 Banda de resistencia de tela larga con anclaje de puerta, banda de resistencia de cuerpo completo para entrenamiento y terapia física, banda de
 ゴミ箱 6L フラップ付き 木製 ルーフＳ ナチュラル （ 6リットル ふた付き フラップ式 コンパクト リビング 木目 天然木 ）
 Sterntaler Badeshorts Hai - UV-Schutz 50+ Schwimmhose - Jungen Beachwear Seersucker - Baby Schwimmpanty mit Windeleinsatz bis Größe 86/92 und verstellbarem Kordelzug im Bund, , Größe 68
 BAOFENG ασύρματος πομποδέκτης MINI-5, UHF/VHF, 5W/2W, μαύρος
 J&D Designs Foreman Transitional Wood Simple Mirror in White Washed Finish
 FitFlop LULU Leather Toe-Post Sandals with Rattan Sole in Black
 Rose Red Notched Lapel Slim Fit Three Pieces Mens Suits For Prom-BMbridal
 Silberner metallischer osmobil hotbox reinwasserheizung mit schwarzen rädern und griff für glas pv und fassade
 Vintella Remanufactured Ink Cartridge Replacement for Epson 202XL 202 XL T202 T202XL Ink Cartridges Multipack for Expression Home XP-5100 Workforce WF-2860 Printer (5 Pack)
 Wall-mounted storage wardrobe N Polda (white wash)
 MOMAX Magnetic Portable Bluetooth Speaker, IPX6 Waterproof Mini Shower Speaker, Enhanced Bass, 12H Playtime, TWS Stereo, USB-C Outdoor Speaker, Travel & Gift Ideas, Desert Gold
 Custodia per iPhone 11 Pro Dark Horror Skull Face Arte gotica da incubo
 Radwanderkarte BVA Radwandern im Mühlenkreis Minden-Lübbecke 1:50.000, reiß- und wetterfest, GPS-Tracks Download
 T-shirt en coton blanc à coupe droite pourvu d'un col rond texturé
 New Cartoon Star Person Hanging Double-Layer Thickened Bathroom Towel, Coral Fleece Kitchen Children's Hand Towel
☆ ☆ ☆ ☆
__REQUIRED ACTION__.
What is wanted is the full set of entries above, reproduced exactly.

__ANSWER SPACE__.
 Banda de resistencia de tela larga con anclaje de puerta, banda de resistencia de cuerpo completo para entrenamiento y terapia física, banda de
 ゴミ箱 6L フラップ付き 木製 ルーフＳ ナチュラル （ 6リットル ふた付き フラップ式 コンパクト リビング 木目 天然木 ）
 Sterntaler Badeshorts Hai - UV-Schutz 50+ Schwimmhose - Jungen Beachwear Seersucker - Baby Schwimmpanty mit Windeleinsatz bis Größe 86/92 und verstellbarem Kordelzug im Bund, , Größe 68
 BAOFENG ασύρματος πομποδέκτης MINI-5, UHF/VHF, 5W/2W, μαύρος
 J&D Designs Foreman Transitional Wood Simple Mirror in White Washed Finish
 FitFlop LULU Leather Toe-Post Sandals with Rattan Sole in Black
 Rose Red Notched Lapel Slim Fit Three Pieces Mens Suits For Prom-BMbridal
 Silberner metallischer osmobil hotbox reinwasserheizung mit schwarzen rädern und griff für glas pv und fassade
 Vintella Remanufactured Ink Cartridge Replacement for Epson 202XL 202 XL T202 T202XL Ink Cartridges Multipack for Expression Home XP-5100 Workforce WF-2860 Printer (5 Pack)
 Wall-mounted storage wardrobe N Polda (white wash)
 MOMAX Magnetic Portable Bluetooth Speaker, IPX6 Waterproof Mini Shower Speaker, Enhanced Bass, 12H Playtime, TWS Stereo, USB-C Outdoor Speaker, Travel & Gift Ideas, Desert Gold
 Custodia per iPhone 11 Pro Dark Horror Skull Face Arte gotica da incubo
 Radwanderkarte BVA Radwandern im Mühlenkreis Minden-Lübbecke 1:50.000, reiß- und wetterfest, GPS-Tracks Download
 T-shirt en coton blanc à coupe droite pourvu d'un col rond texturé
 New Cartoon Star Person Hanging Double-Layer Thickened Bathroom Towel, Coral Fleece Kitchen Children's Hand Towel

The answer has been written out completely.